Terms of the deal were not disclosed.

The CSRS-Tillage partnership, a 75-25 arrangement, will manage roughly $200 million in school construction projects, including the new Lee High School, through the end of 2018.

“For a long time … I’ve wanted the program to be managed totally by local companies. This was an opportunity to do that,” said Curtis Soderberg, one of the owners of CSRS. The others are Michael B. Songy, Christopher J. Pellegrin, Travis P. Woodard and Franklin A. LaCourse.

Soderberg and Keith Tillage, owner of Tillage Construction, have known each other for years. Tillage had actually done work for CSRS years ago.

“It was a simple discussion that led to a painstaking process buying out their (Garrard’s) portion,” Tillage said.
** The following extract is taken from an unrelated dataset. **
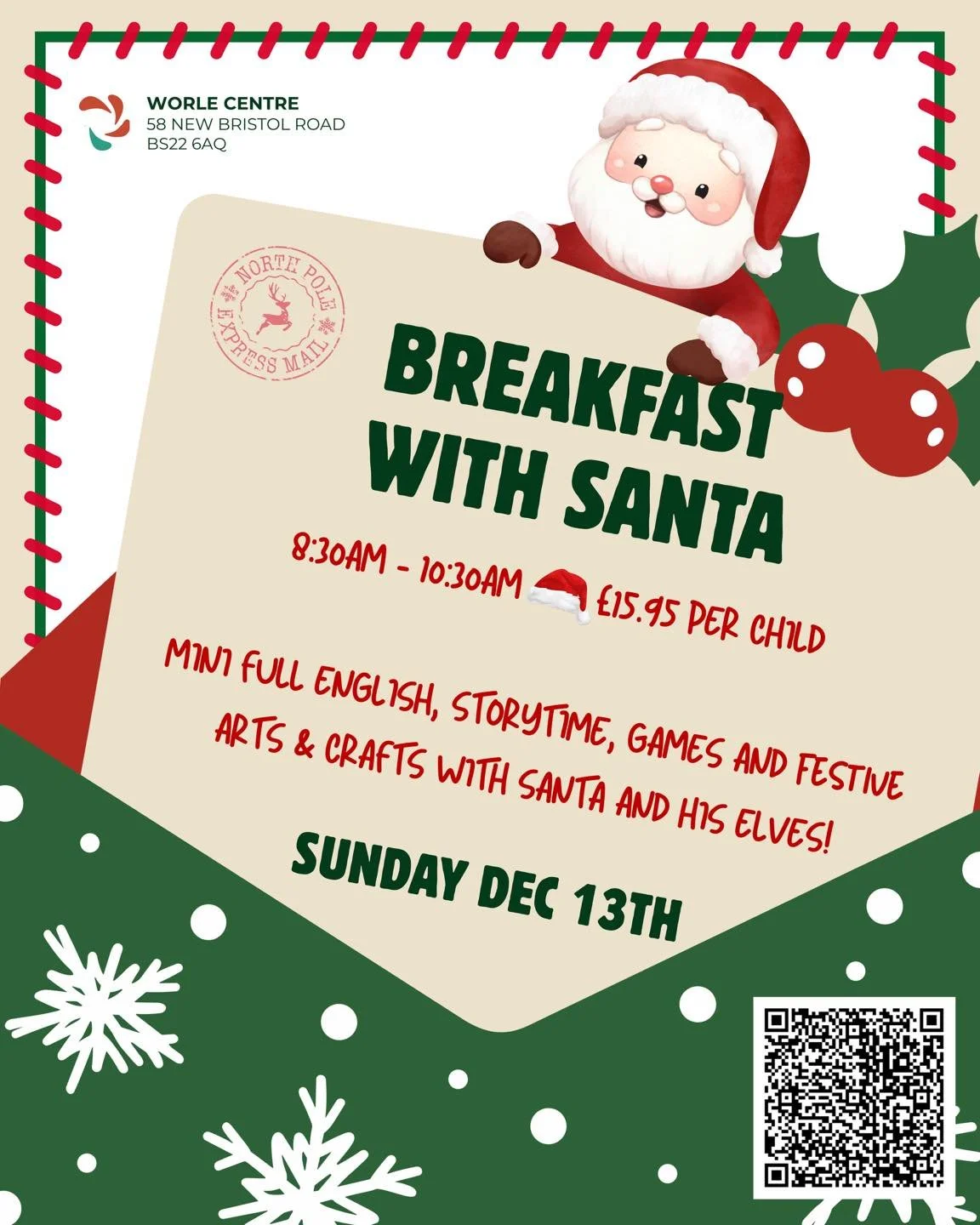 🎅 We know&hellip; it might feel very early to be talking about Christmas!

Join us on Sunday 13th December, 8:30am&ndash;10:30am for Breakfast with Santa.

A festive morning with a mini full English breakfast courtesy of on-site cafe The Lounge - Wo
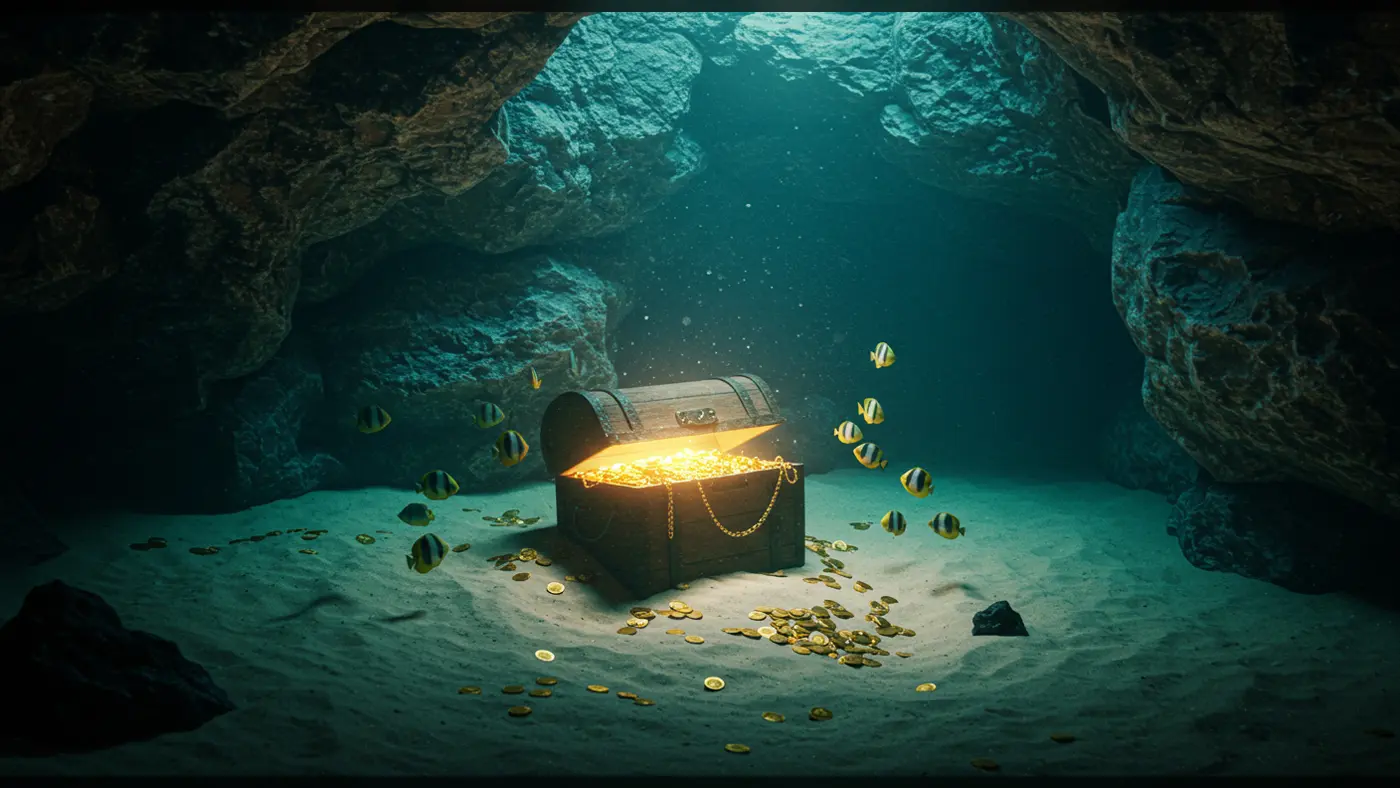 Golden Treasure Chest in Underwater Rocky Cave with Fish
The partnership allows Tillage Construction, a general contractor specializing in federal work, to move into program management, Tillage said. He plans to use the program management experience gained from the partnership to move Tillage Construction into that line of business in other markets.

Tillage Construction also has an office in Dallas.

CSRS/Garrard has served as the school system’s construction managers since 1999. The school system renewed the partnership’s contract in 2013. But the School Board included new incentives in the five-year, $6.6 million agreement designed to increase the percentage of minority- and women-owned businesses used on school construction projects.

The School Board set a goal of using minority- and women-owned businesses on 20 percent of the work.

Tillage Construction is a minority-owned firm and in the past won federal work as a Disadvantaged Business Enterprise, or DBE. The U.S. Small Business Administration has named Tillage the region’s Minority Small Business Person of the Year.

The company’s experience in that process and in mentoring other DBEs will help the partnership expand opportunities for women- and minority-owned businesses, Tillage said.

Soderberg said that is part of the strategy.

What CSRS tries to do in these programs is to build capacity among the smaller, local design and construction firms, and mentor those companies, he said, which is just good business that’s good for the community.

“A lot of times people think you don’t want to teach people to become your competition,” Soderberg said. “But I think part of the covenant we have as business people is to share our experiences and help the younger companies and the emerging companies, to give them an opportunity to play on the stage with you.”